START SOURCE MATERIAL

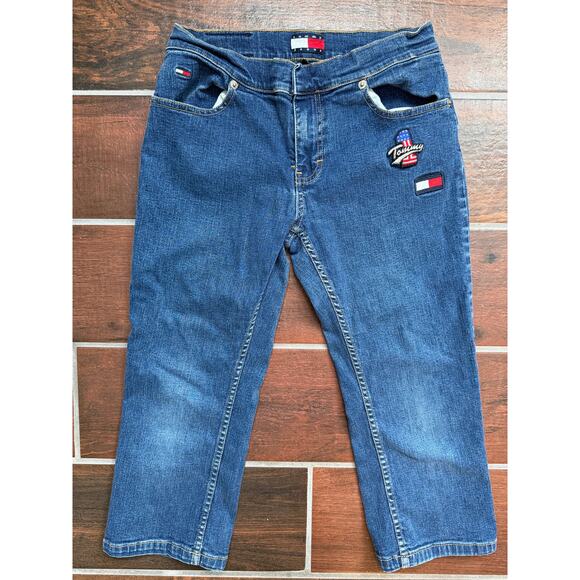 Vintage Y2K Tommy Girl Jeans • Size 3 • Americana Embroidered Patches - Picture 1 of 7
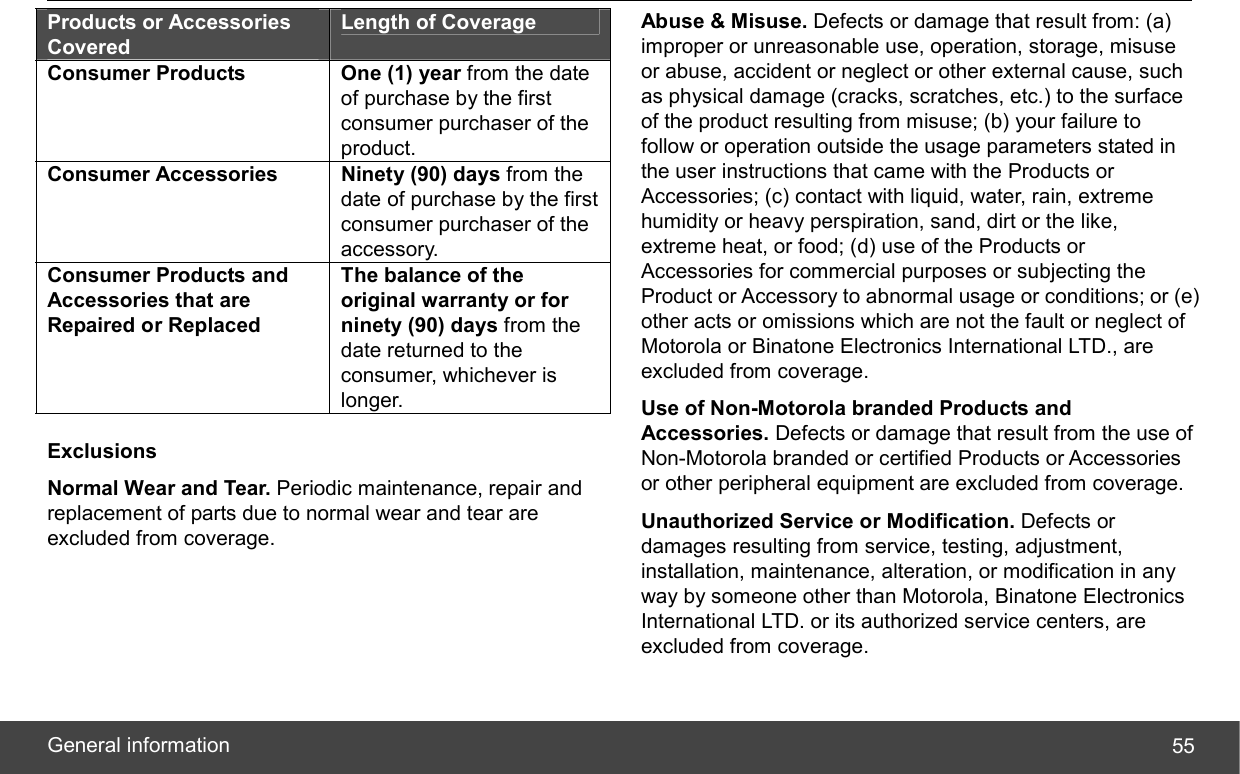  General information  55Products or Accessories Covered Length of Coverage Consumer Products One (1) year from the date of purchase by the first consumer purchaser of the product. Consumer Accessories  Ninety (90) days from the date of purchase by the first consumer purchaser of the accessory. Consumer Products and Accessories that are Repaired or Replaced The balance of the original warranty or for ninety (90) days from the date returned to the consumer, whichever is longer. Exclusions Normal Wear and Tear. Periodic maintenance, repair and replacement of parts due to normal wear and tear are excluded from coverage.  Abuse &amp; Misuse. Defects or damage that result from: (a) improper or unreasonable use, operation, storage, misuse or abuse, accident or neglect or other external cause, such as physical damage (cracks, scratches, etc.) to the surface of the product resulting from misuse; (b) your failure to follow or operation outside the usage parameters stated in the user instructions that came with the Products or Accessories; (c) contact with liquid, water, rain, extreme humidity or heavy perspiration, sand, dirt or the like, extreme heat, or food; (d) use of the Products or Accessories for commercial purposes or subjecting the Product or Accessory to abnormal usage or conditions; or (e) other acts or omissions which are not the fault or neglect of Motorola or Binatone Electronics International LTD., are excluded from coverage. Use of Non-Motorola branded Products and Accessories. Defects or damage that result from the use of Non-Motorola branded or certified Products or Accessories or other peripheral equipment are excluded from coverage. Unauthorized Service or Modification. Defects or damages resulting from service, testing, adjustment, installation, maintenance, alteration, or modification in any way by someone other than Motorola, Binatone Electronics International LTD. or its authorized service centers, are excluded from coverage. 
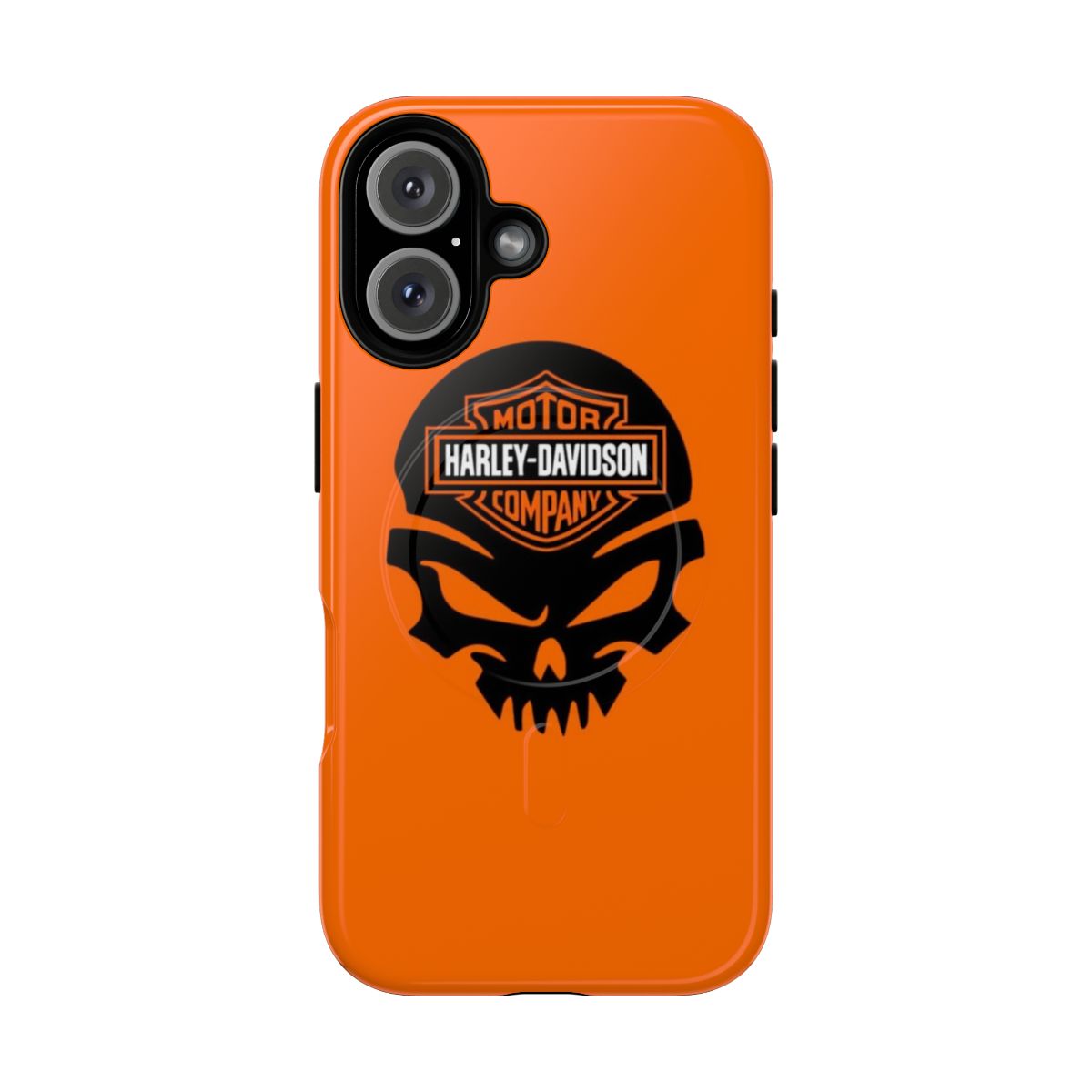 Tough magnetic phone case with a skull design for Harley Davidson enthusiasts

END SOURCE MATERIAL

WORK ITEM> Write out everything in the data word for word. Omit each picture.

EXERCISE ANSWER>
 Vintage Y2K Tommy Girl Jeans • Size 3 • Americana Embroidered Patches - Picture 1 of 7
  General information  55Products or Accessories Covered Length of Coverage Consumer Products One (1) year from the date of purchase by the first consumer purchaser of the product. Consumer Accessories  Ninety (90) days from the date of purchase by the first consumer purchaser of the accessory. Consumer Products and Accessories that are Repaired or Replaced The balance of the original warranty or for ninety (90) days from the date returned to the consumer, whichever is longer. Exclusions Normal Wear and Tear. Periodic maintenance, repair and replacement of parts due to normal wear and tear are excluded from coverage.  Abuse &amp; Misuse. Defects or damage that result from: (a) improper or unreasonable use, operation, storage, misuse or abuse, accident or neglect or other external cause, such as physical damage (cracks, scratches, etc.) to the surface of the product resulting from misuse; (b) your failure to follow or operation outside the usage parameters stated in the user instructions that came with the Products or Accessories; (c) contact with liquid, water, rain, extreme humidity or heavy perspiration, sand, dirt or the like, extreme heat, or food; (d) use of the Products or Accessories for commercial purposes or subjecting the Product or Accessory to abnormal usage or conditions; or (e) other acts or omissions which are not the fault or neglect of Motorola or Binatone Electronics International LTD., are excluded from coverage. Use of Non-Motorola branded Products and Accessories. Defects or damage that result from the use of Non-Motorola branded or certified Products or Accessories or other peripheral equipment are excluded from coverage. Unauthorized Service or Modification. Defects or damages resulting from service, testing, adjustment, installation, maintenance, alteration, or modification in any way by someone other than Motorola, Binatone Electronics International LTD. or its authorized service centers, are excluded from coverage. 
 Tough magnetic phone case with a skull design for Harley Davidson enthusiasts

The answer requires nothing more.